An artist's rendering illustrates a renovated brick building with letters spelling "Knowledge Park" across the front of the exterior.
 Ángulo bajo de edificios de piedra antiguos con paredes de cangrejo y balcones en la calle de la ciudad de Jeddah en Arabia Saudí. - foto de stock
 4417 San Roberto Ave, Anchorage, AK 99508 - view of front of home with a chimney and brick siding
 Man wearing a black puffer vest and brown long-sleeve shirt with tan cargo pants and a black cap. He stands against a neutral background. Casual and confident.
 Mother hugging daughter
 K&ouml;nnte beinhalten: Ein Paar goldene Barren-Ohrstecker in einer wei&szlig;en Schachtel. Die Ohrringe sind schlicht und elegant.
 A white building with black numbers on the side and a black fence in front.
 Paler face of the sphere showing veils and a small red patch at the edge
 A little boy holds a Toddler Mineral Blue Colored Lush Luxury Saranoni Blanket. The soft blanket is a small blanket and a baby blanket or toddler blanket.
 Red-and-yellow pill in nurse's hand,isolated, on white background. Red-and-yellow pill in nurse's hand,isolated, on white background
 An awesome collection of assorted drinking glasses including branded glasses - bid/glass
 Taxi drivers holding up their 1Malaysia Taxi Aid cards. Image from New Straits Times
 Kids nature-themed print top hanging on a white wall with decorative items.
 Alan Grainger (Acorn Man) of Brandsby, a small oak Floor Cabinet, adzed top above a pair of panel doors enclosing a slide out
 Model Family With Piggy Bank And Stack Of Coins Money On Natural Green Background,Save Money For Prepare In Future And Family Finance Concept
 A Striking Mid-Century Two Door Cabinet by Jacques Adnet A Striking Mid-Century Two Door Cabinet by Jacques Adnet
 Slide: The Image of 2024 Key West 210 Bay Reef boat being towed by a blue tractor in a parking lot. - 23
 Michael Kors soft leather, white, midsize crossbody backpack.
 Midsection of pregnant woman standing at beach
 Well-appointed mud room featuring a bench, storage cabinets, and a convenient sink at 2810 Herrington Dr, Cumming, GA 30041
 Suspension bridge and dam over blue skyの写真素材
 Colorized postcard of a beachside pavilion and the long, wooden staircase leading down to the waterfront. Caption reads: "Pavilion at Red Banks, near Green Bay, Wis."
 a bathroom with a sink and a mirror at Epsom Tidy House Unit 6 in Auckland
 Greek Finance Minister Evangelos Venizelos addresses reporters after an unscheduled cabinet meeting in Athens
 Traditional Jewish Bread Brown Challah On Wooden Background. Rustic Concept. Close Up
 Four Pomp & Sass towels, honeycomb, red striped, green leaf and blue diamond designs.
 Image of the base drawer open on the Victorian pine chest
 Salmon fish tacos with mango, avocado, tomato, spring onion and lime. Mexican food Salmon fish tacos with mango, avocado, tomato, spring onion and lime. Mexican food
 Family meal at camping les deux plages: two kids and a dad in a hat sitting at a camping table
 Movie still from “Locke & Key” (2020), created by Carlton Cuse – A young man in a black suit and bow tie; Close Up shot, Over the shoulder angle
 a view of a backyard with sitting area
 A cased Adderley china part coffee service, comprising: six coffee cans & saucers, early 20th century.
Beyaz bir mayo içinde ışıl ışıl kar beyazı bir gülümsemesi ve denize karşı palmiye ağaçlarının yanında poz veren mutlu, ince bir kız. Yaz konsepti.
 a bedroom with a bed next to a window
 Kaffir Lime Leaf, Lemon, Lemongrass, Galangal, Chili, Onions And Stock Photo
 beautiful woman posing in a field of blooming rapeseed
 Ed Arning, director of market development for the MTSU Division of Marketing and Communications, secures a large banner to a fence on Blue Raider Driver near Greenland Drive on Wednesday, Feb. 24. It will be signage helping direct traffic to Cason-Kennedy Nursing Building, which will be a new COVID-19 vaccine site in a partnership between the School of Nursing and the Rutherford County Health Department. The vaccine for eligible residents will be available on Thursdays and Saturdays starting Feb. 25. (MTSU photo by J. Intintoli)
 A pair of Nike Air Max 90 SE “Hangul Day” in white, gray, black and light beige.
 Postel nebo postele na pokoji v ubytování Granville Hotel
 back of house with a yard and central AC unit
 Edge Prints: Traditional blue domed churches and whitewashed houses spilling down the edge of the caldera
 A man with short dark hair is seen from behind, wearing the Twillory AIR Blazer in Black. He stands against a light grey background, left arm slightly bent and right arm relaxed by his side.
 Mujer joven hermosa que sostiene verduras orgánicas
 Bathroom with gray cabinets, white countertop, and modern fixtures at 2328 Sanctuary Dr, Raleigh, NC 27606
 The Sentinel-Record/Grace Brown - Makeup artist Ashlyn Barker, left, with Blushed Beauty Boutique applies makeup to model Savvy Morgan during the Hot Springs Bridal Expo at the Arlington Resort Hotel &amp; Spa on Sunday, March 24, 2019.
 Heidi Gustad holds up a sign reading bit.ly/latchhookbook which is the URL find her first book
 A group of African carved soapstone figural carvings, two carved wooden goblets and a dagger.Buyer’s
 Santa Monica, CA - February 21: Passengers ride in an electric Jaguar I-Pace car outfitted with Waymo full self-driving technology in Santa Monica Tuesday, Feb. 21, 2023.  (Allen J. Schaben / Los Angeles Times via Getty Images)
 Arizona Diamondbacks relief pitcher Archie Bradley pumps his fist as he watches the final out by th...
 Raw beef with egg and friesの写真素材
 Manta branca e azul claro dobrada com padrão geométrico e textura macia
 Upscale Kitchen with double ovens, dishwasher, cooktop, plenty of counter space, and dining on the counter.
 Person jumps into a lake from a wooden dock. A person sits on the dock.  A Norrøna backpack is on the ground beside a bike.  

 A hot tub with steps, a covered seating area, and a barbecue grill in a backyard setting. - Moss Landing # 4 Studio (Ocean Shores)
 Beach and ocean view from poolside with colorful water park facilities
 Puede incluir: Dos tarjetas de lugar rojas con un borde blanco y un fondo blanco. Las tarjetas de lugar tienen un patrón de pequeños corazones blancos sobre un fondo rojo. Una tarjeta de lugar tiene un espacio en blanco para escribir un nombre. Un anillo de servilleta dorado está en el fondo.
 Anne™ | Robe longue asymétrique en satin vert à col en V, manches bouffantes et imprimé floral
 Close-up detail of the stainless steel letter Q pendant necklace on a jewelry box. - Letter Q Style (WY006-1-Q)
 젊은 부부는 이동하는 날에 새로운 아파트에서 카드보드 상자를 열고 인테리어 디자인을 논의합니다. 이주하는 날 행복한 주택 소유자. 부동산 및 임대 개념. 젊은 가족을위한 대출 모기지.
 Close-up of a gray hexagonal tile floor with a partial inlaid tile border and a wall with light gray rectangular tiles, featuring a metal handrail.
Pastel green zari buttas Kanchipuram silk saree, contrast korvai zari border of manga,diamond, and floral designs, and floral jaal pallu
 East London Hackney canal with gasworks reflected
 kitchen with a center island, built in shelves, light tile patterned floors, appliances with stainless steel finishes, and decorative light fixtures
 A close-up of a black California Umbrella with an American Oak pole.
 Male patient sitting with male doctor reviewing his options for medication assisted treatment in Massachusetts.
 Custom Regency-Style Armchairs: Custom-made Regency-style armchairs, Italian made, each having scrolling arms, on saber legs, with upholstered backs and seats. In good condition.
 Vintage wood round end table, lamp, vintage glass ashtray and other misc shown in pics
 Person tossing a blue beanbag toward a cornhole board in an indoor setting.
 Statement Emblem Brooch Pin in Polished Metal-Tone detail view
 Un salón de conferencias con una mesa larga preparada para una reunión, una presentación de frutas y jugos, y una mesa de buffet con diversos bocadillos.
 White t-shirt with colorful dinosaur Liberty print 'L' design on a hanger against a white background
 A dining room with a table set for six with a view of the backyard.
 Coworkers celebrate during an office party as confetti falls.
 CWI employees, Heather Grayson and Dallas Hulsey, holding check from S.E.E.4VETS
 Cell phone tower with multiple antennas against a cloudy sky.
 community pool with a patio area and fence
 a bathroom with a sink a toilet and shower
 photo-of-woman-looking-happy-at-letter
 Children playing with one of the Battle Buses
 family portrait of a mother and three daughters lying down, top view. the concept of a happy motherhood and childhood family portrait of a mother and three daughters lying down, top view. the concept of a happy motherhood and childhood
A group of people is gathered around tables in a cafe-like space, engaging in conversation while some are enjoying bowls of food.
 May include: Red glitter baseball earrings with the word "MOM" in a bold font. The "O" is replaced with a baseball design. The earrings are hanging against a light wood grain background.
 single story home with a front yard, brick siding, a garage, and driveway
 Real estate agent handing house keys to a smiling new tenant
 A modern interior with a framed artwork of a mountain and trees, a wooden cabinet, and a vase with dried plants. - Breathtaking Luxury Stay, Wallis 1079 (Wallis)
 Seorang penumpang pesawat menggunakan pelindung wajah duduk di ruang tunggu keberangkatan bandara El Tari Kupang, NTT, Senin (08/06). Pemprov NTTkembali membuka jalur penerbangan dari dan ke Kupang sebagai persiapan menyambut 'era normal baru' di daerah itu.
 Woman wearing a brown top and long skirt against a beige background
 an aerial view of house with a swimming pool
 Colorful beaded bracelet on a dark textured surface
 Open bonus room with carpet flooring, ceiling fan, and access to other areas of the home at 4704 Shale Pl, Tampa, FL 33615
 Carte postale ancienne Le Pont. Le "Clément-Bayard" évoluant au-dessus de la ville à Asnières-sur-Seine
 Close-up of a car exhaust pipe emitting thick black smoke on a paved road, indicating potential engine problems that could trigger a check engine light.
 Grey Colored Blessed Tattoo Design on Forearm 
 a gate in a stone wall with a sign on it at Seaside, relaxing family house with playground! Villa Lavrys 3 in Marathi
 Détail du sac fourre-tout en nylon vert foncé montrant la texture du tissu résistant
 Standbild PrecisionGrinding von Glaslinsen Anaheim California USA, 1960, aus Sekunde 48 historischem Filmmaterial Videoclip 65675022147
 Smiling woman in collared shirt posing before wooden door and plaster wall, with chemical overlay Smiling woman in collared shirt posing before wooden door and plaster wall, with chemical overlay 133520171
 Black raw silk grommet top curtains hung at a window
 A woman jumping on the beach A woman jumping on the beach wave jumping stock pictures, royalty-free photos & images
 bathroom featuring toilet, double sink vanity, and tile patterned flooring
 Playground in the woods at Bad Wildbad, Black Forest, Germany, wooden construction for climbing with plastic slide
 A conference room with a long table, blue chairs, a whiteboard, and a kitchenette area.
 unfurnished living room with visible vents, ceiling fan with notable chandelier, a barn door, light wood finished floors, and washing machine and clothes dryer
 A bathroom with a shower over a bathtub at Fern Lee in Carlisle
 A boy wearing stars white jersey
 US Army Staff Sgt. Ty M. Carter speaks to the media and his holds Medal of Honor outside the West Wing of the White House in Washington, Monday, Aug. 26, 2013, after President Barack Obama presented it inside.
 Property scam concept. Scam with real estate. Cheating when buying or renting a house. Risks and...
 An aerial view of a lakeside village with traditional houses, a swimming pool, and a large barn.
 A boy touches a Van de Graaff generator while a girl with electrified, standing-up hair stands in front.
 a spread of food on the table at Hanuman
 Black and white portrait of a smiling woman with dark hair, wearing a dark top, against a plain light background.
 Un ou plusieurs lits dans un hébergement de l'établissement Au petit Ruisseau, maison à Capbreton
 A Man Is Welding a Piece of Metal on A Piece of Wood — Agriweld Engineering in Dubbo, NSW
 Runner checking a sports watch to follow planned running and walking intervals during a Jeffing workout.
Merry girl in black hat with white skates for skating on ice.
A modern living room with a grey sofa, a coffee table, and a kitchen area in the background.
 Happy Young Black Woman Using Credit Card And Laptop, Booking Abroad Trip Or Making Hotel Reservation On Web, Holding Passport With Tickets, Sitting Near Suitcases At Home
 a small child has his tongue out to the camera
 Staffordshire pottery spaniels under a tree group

> [Task statement]: Above are the records. Print exactly, and only, the lines from the line with "A man with short" to the line with "Close-up detail of", both inclusive.

> [Solution for this task]:
 A man with short dark hair is seen from behind, wearing the Twillory AIR Blazer in Black. He stands against a light grey background, left arm slightly bent and right arm relaxed by his side.
 Mujer joven hermosa que sostiene verduras orgánicas
 Bathroom with gray cabinets, white countertop, and modern fixtures at 2328 Sanctuary Dr, Raleigh, NC 27606
 The Sentinel-Record/Grace Brown - Makeup artist Ashlyn Barker, left, with Blushed Beauty Boutique applies makeup to model Savvy Morgan during the Hot Springs Bridal Expo at the Arlington Resort Hotel &amp; Spa on Sunday, March 24, 2019.
 Heidi Gustad holds up a sign reading bit.ly/latchhookbook which is the URL find her first book
 A group of African carved soapstone figural carvings, two carved wooden goblets and a dagger.Buyer’s
 Santa Monica, CA - February 21: Passengers ride in an electric Jaguar I-Pace car outfitted with Waymo full self-driving technology in Santa Monica Tuesday, Feb. 21, 2023.  (Allen J. Schaben / Los Angeles Times via Getty Images)
 Arizona Diamondbacks relief pitcher Archie Bradley pumps his fist as he watches the final out by th...
 Raw beef with egg and friesの写真素材
 Manta branca e azul claro dobrada com padrão geométrico e textura macia
 Upscale Kitchen with double ovens, dishwasher, cooktop, plenty of counter space, and dining on the counter.
 Person jumps into a lake from a wooden dock. A person sits on the dock.  A Norrøna backpack is on the ground beside a bike.  

 A hot tub with steps, a covered seating area, and a barbecue grill in a backyard setting. - Moss Landing # 4 Studio (Ocean Shores)
 Beach and ocean view from poolside with colorful water park facilities
 Puede incluir: Dos tarjetas de lugar rojas con un borde blanco y un fondo blanco. Las tarjetas de lugar tienen un patrón de pequeños corazones blancos sobre un fondo rojo. Una tarjeta de lugar tiene un espacio en blanco para escribir un nombre. Un anillo de servilleta dorado está en el fondo.
 Anne™ | Robe longue asymétrique en satin vert à col en V, manches bouffantes et imprimé floral
 Close-up detail of the stainless steel letter Q pendant necklace on a jewelry box. - Letter Q Style (WY006-1-Q)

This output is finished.